Exactly the lines from the one containing "Eladó családi ház Nyírkarász" through the end of the listing must make up the answer, with no pictures included.

*** Data excerpt ***

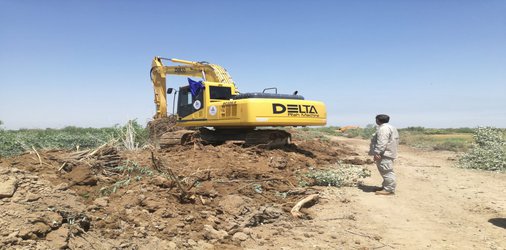 بازدید مدیر کل مدیریت بحران استان از  روند لایروبی و سیل بند کانال سلمان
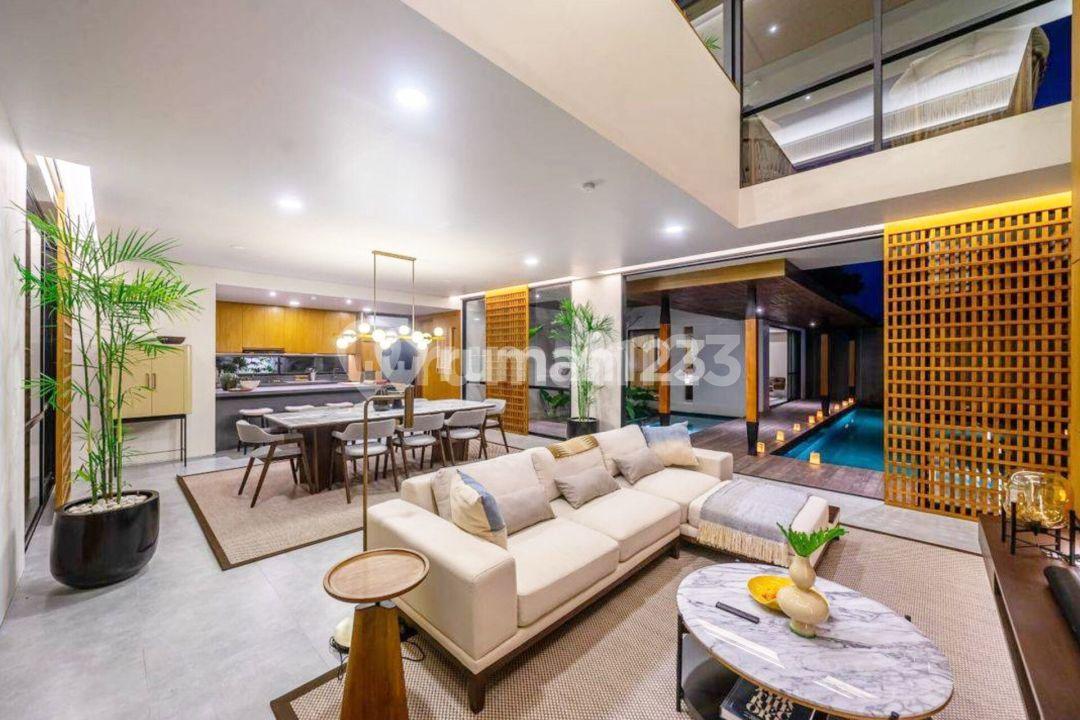 6-bedroom villa in Jimbaran, Bali with luxury resort amenities — photo 2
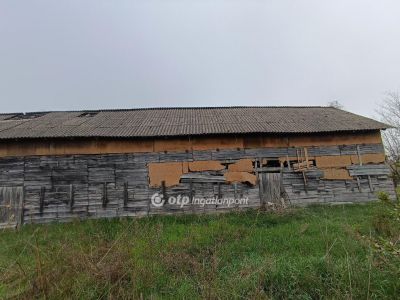 Eladó családi ház Nyírkarász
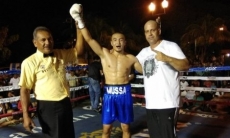 Турсынгалиев нокаутировал соперника в дебютном бою на профи-ринге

*** End of Data excerpt ***

» **Answer space**
 Eladó családi ház Nyírkarász
 Турсынгалиев нокаутировал соперника в дебютном бою на профи-ринге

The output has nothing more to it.